##### Task data #####

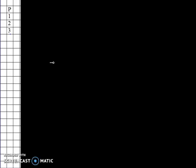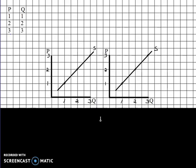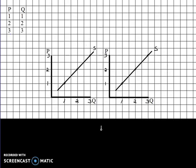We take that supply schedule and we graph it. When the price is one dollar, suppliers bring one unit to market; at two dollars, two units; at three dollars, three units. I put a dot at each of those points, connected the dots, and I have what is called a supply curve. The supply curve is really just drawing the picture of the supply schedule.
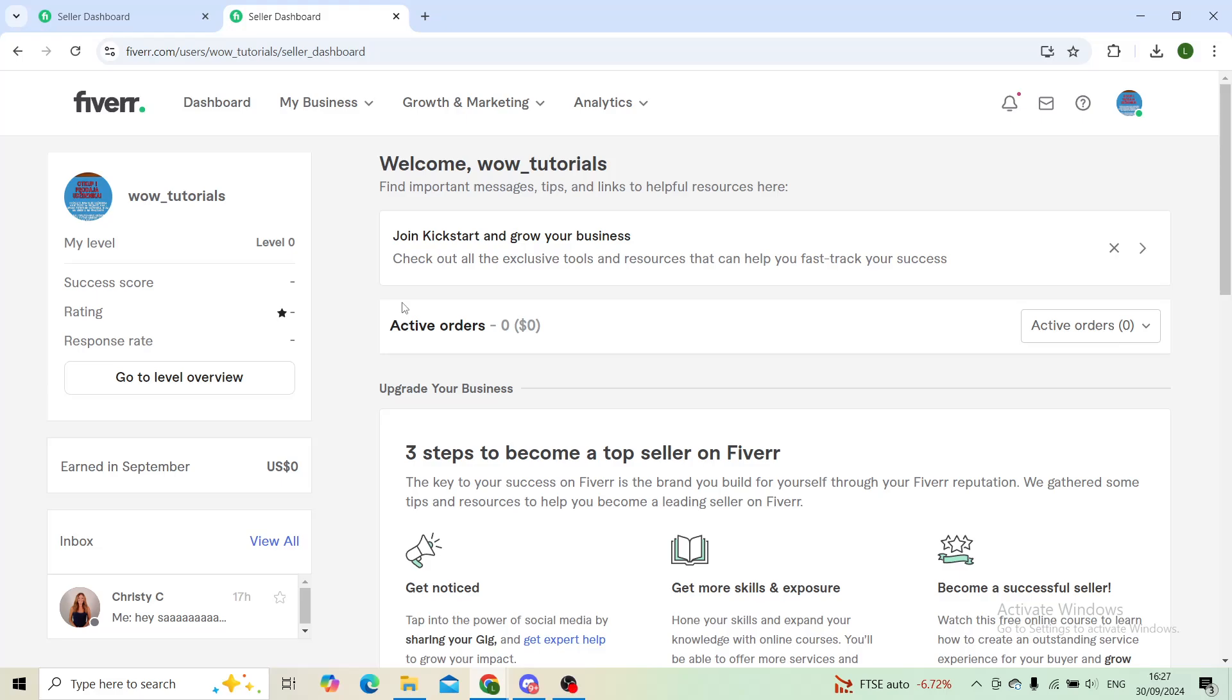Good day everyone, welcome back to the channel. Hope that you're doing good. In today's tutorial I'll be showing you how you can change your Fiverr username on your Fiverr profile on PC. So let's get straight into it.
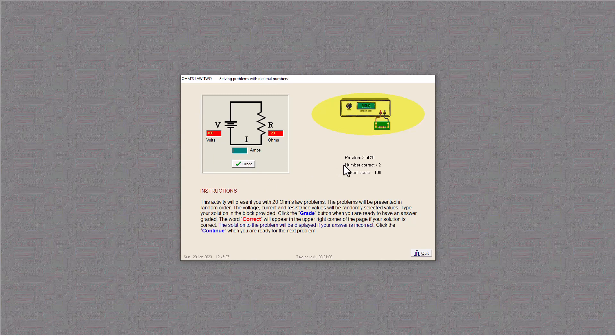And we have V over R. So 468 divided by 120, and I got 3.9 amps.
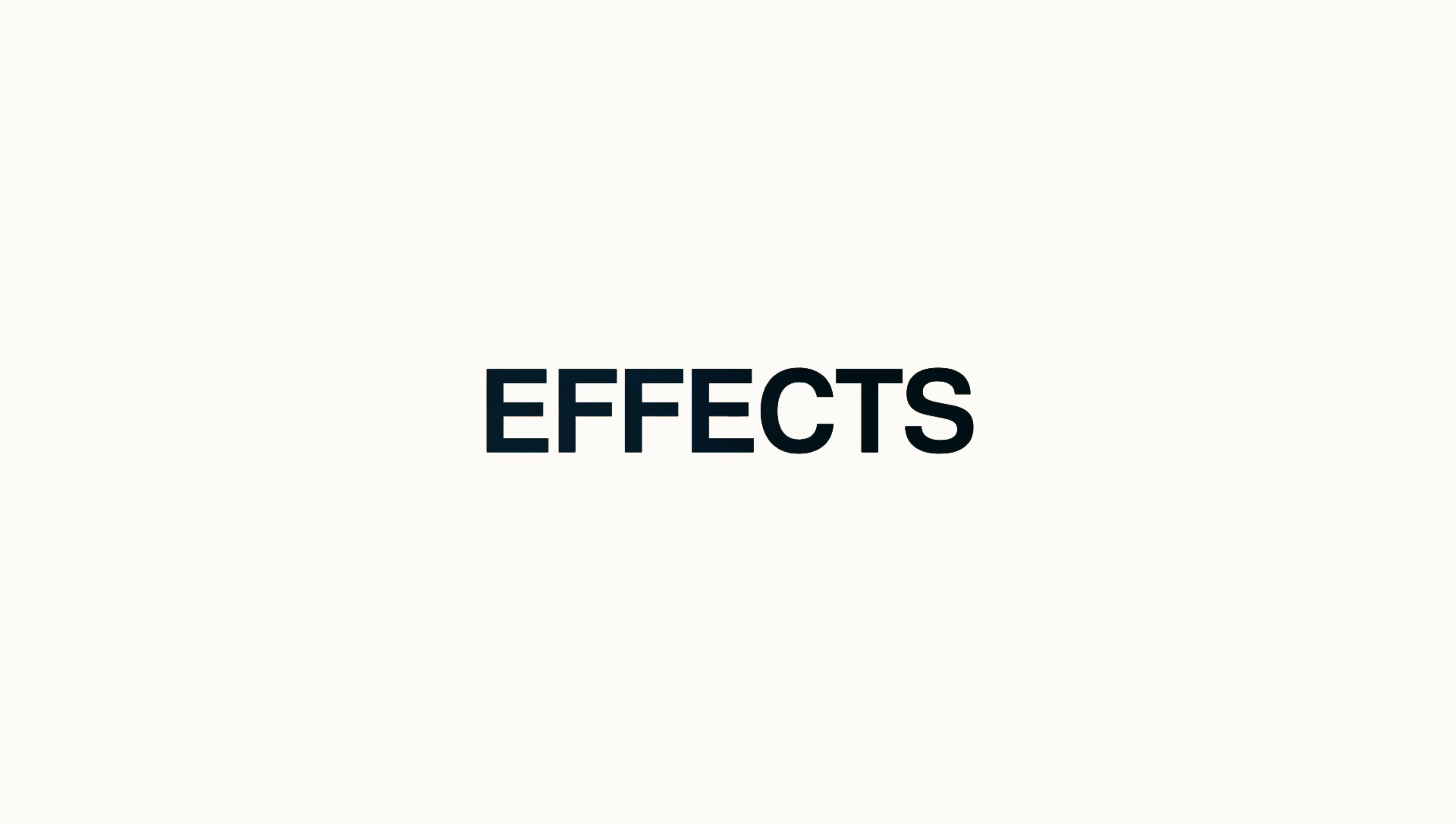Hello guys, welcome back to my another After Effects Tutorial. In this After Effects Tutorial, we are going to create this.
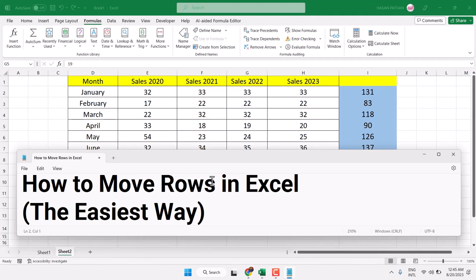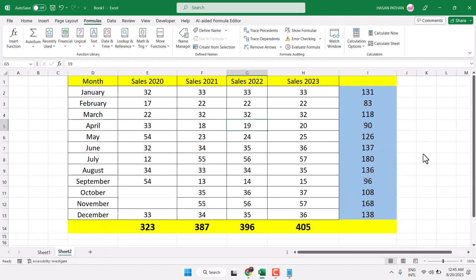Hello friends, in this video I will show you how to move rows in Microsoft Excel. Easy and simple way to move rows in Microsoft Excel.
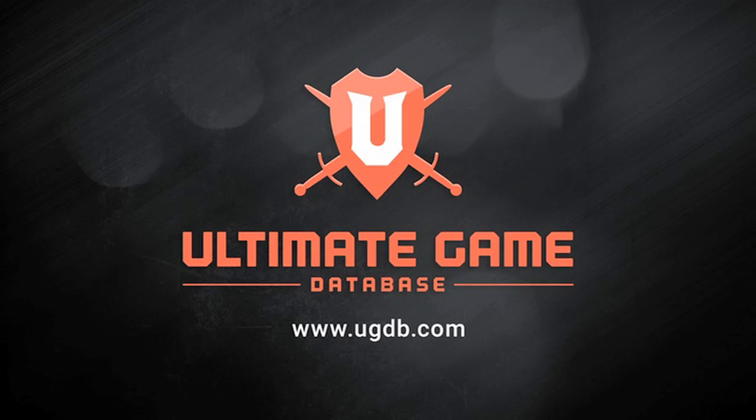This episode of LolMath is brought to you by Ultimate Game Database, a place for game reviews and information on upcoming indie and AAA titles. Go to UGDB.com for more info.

#####

Prompt: Return the whole listing exactly, minus its pictures.

Output for this exercise:
We take that supply schedule and we graph it. When the price is one dollar, suppliers bring one unit to market; at two dollars, two units; at three dollars, three units. I put a dot at each of those points, connected the dots, and I have what is called a supply curve. The supply curve is really just drawing the picture of the supply schedule.
Good day everyone, welcome back to the channel. Hope that you're doing good. In today's tutorial I'll be showing you how you can change your Fiverr username on your Fiverr profile on PC. So let's get straight into it.
And we have V over R. So 468 divided by 120, and I got 3.9 amps.
Hello guys, welcome back to my another After Effects Tutorial. In this After Effects Tutorial, we are going to create this.
Hello friends, in this video I will show you how to move rows in Microsoft Excel. Easy and simple way to move rows in Microsoft Excel.
This episode of LolMath is brought to you by Ultimate Game Database, a place for game reviews and information on upcoming indie and AAA titles. Go to UGDB.com for more info.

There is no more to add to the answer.